--- Task item ---
Set down again exactly the lines of the listing below that fall between the line holding "USED 2013 13" and the line holding "Sensorische Leuchtwürfel für Wasser Blair", inclusive.

--- Data for processing ---
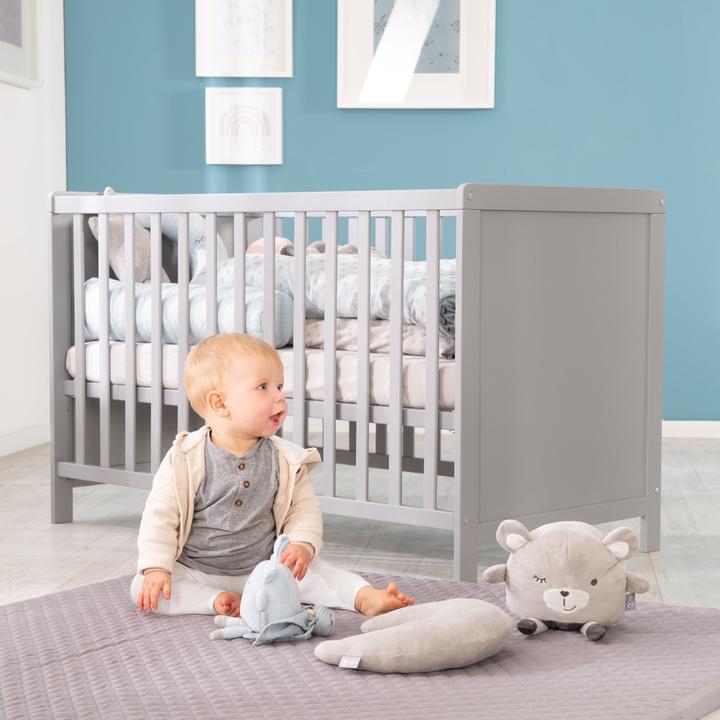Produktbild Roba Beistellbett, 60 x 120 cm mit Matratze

---

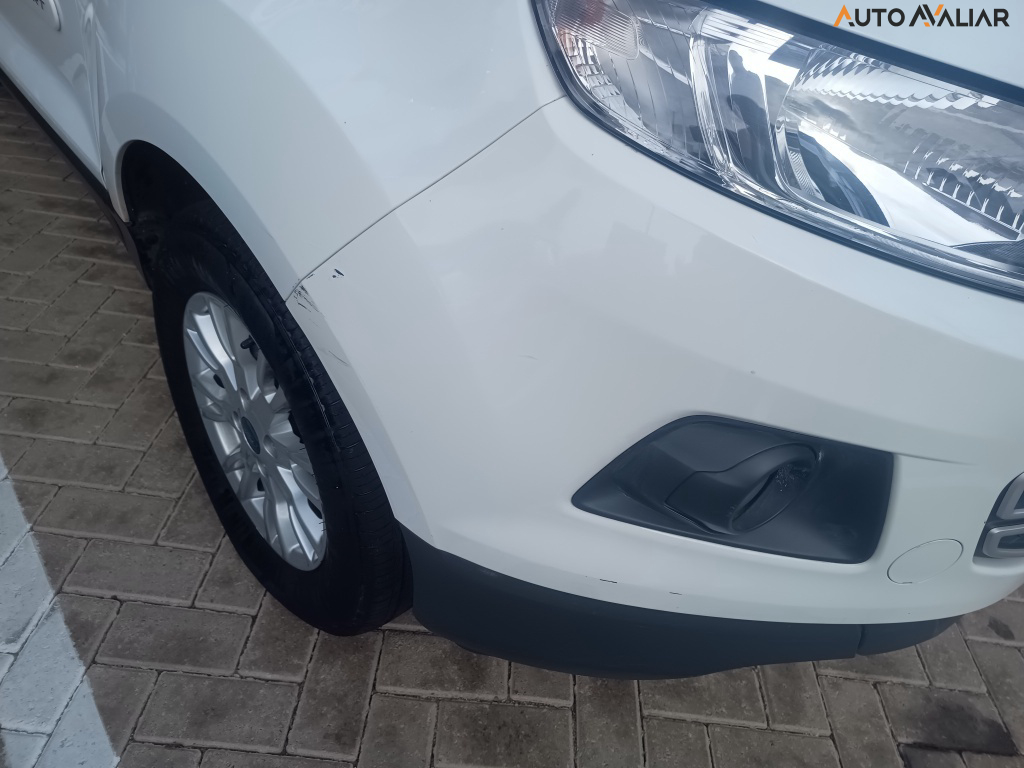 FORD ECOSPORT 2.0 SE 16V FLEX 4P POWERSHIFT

---

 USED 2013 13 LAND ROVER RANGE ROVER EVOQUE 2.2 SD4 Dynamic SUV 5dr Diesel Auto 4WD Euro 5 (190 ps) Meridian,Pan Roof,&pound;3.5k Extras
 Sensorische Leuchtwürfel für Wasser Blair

--- Solution ---
 USED 2013 13 LAND ROVER RANGE ROVER EVOQUE 2.2 SD4 Dynamic SUV 5dr Diesel Auto 4WD Euro 5 (190 ps) Meridian,Pan Roof,&pound;3.5k Extras
 Sensorische Leuchtwürfel für Wasser Blair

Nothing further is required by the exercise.